1800s courthouse bell back in city
The Rohrer family purchased the bell after the courthouse was torn down in 1852 and had it in an East Petersburg farmhouse.
  • The Rohrer family purchased the bell after the courthouse was torn down in 1852 and had it in an East Petersburg farmhouse.

  • Cast in 1825, by John Wilbank, this bell rang out in Lancaster's old courthouse for many years.

By JANE HOLAHAN
Lancaster
Updated Oct 03, 2008 11:06
A 500-pound bronze bell that rang in events of Lancaster City in the 1800s, from election results to the early morning openings at Central Market, has come home.

On Monday afternoon, the Heritage Center of Lancaster County brought the bell back to Penn Square after more than 150 years. It had been in the cupola of an East Petersburg farmhouse since 1852.

Now it will be on display in the main exhibition hall of the Heritage Center.

"It will be positioned next to the clockworks of the clock that was also in the bell tower of the old courthouse," says Peter Seibert, the Heritage Center's president. "The clockworks was the mechanism that actually struck the bell, so it's a reunion for them."

The bell was donated by Tobias Hershey Rohrer and Peter B. Rohrer, whose family had housed the bell since 1852.

The Rohrer family recently sold the farm, but knowing the history of the bell, reserved the rights to it, Seibert says.

Clarke Hess, a board member of the Heritage Center, and David Johnson, both friends of the Rohrer family, talked to them about donating it to the Heritage Center, and they agreed.

The Rohrer family purchased the bell after the courthouse was torn down in 1852.

Built in 1732, the courthouse was used by the Pennsylvania legislature during the American Revolution and again when Lancaster was the state capital, according to the Heritage Center.

It sat where the Penn Square monument is now located.

The bell is at least the second one cast for the building and, according to Seibert, there may have been more. One bell that had rung at the courthouse was destroyed in a fire at a coppersmith's shop in the 1890s.

"We speculate that this was the only courthouse bell that survived," Seibert says.

It was made in 1825 by John Wilbank of Philadelphia.

The bell could be heard well beyond the city limits in those quiet days, and Seibert says people would set their timepieces by it. Shoppers knew market was open for the morning by the peal of the bell.

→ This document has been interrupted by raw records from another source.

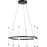 36w Chandelier, Mb W/ Wh Acrylic Diffuser | CVT-2436C-MB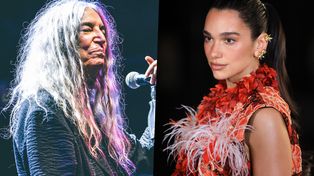 Dua Lipa zapytała o zmarłego męża. Patti Smith nie ukrywała emocji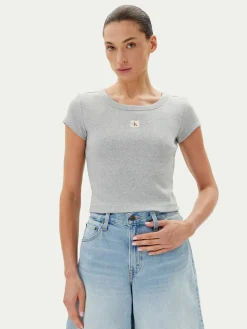 T-shirt LV047C200G Grigio Slim Fit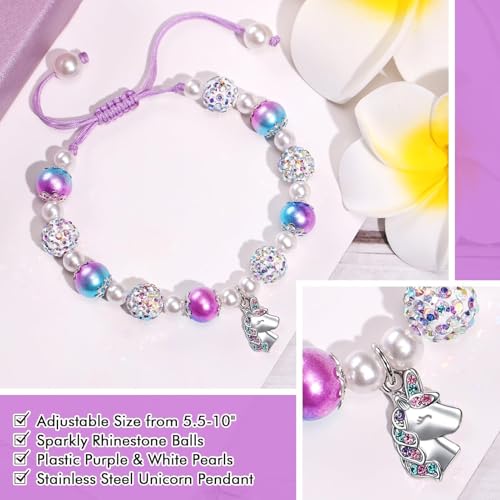 Image of Trabuono Kindergarten Preschool Graduation Gifts for Girls, 2025 Graduation Gifts for Her 5TH Grade Grad Gift Unicorn Charm Bracelet for Daughter Granddaughter Niece with Card Present Boxed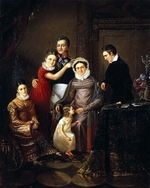 Unbekannter Künstler - Familienbild von Fürst Nikolai Grigorjewitsch Repnin-Wolkonski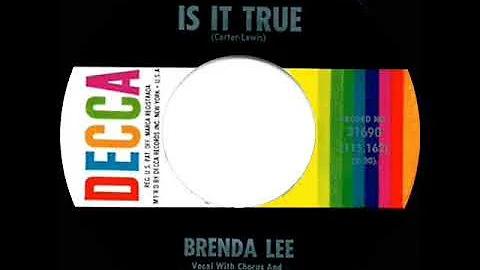 1964 HITS ARCHIVE: Is It True - Brenda Lee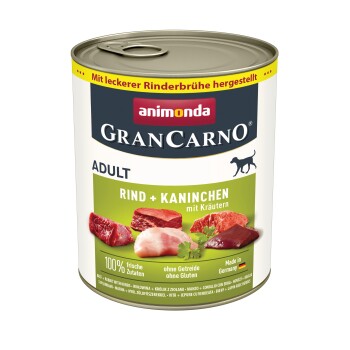 animonda GranCarno Original Adult Wołowina i królik z ziołami 12x800 g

While it has hung from the farmhouse cupola for more than 150 years, there was one occasion when it was brought back into the city.

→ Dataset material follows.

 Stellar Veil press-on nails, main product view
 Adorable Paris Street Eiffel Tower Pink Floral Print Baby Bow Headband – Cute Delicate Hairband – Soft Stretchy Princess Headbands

In 1918, in the midst of World War I, Lancaster City built a replica of the original courthouse called Liberty House, to encourage people to buy war bonds.

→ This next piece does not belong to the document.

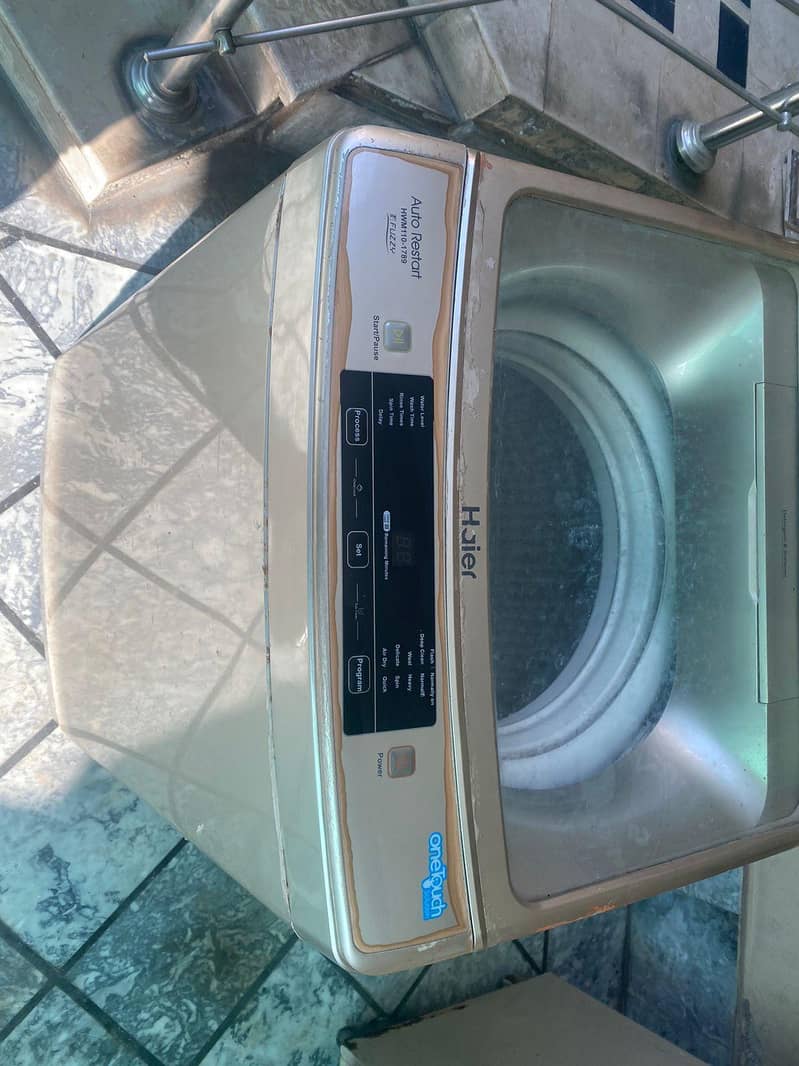 haier fully automatic machine 7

According to a local newspaper article, published on Oct. 14, 1918, the bell was used to declare election results.

As the newspaper reported: "Many's the time, it is said, when its lusty peal told of a political victory in the bitter party fights in the county. Its chief opponent as an election announcer, says its present owner (F. Bachman Rohrer) was the steam whistle at the time on the Hostetter distillery, which blew off at Democratic victories, while the bell spread the tiding when the Republicans won."